Sual: Komünizmin yirminci asırda, kapitalist sisteme karşı çıktığı yazılıp söyleniyor, gerçekten böyle midir?
Cevap: Komünistlik yeni bir şey değildir. Burhân-ı kâtı lügat kitabının sahibi, Zerdüşt'ün milattan yedi asır evvel kurduğu ve Sâsânîler devrinde Mejdek adındaki birinin neşrettiği Mecûsî yani ateşe tapma dinini anlatırken diyor ki:
“Mejdek, Acem Şâhı Kubad zamanında idi. Buna göre:
Ateşe tapılacaktır. Her şey, herkesin malıdır. Hanımları değiştirmek helaldir. Herkesin malları ve yaşayışları eşittir. Herkes birliktedir. Şahsi tasarruf yoktur. Bütün insanlar müsâvi, eşit ve her şeyde ortaktırlar. Biri, birinin hanımını isterse ona vermesi lazımdır. Zenginler, malları fakirlere vermeli, onların ihtiyaçlarını gidermelidir...
Bu din, tembellerin, serserilerin ve hele kadına düşkün olan aşağı kimselerin işine geldiğinden çabuk yayıldı. Kubad Şâh da, böyle zevkine düşkün biri idi. Bu da komünizmi kabul etti. Oğlu Nûşirvân, hükûmeti ele alınca, Mejdek ve adamlarını kılıçtan geçirerek komünizm belasını ortadan kaldırdı. Nûşirvân Şah'ın adaleti hadis-i şerifte övülmekdedir.

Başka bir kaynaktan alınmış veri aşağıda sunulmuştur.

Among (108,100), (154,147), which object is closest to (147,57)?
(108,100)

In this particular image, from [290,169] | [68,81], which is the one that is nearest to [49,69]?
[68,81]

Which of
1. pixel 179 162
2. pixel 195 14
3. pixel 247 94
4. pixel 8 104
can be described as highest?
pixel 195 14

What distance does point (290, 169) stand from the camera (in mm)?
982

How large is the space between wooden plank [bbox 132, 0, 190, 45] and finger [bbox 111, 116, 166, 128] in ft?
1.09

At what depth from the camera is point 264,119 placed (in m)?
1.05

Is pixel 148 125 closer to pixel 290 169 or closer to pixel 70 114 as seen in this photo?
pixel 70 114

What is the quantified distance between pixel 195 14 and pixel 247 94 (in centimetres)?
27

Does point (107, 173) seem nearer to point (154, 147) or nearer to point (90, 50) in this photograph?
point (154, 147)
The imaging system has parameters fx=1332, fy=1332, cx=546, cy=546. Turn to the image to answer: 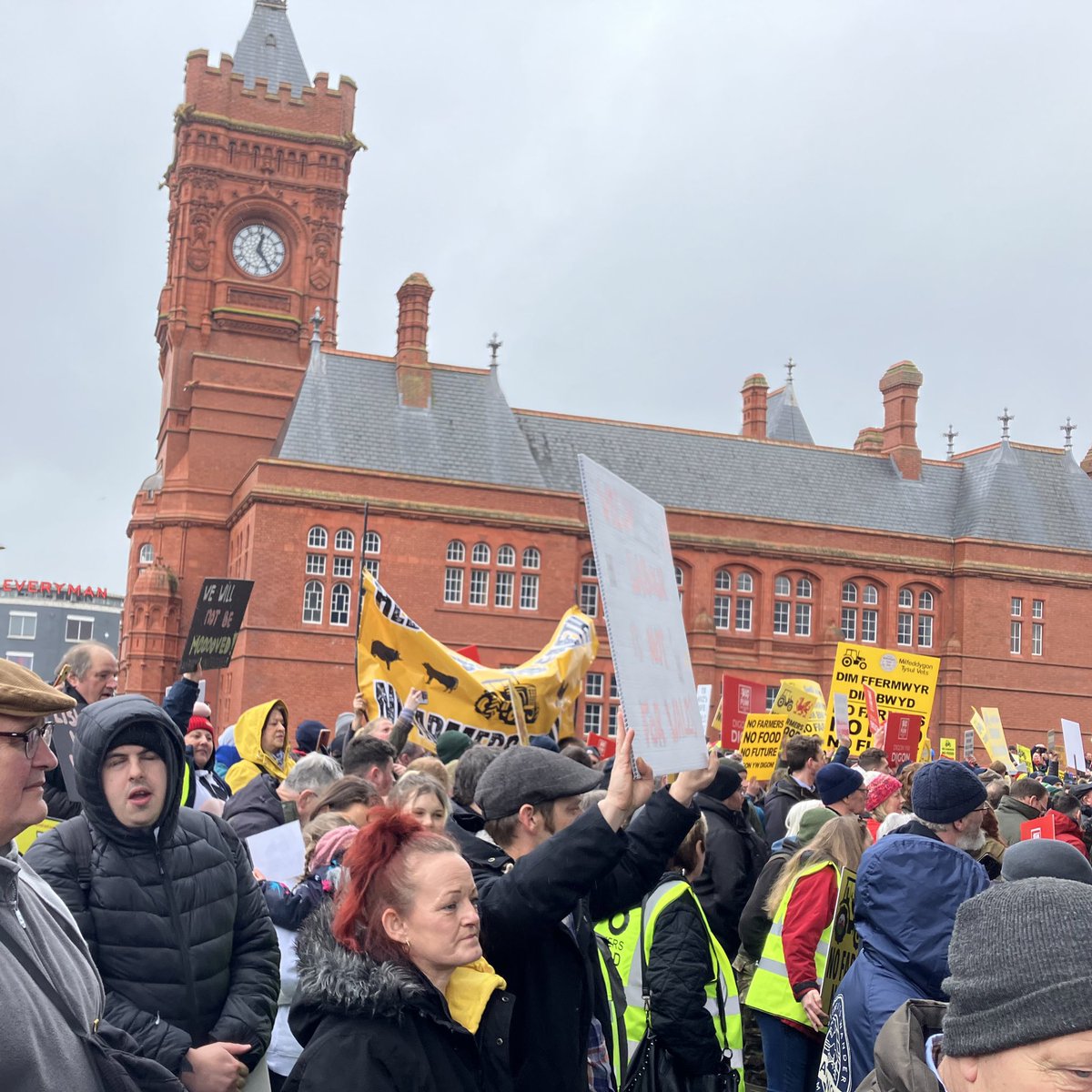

1917'de Rusyada komünist ihtilalini hazırlayarak binlerle vatandaşın birbirini öldürmesine ve koca bir milletin küçük bir azılı azınlık elinde köle olmasına sebep olanların, Nûşirvân Şah'ın yok ettiği ahmakların yolunda oldukları anlaşılmaktadır.”
***
Sual: Din kitaplarında dehrilerden ve zamanımızda da deistlerden bahsediliyor, bunların inancı nedir ve bunlar da kafir midir?
Cevap: Deyriyye; âlemin sonsuz olduğunu ve bir yaratıcısının bulunmadığını savunan materyalist bir akımdır. İslam dünyasında genel olarak ateist ve materyalist düşünce akımlarını temsil ederler. Seyyid Şerîf-i Cürcânî hazretleri, Şerh-i mevâkıf kitabında;
“Dehriyye fırkası, Allahü teâlâya da inanmıyor. Her şey tabiat kanunları ile var oluyor. Bir yaratıcı yoktur. Dehr, yani zaman ilerledikçe, her şey değişmektedir diyorlar” demektedir.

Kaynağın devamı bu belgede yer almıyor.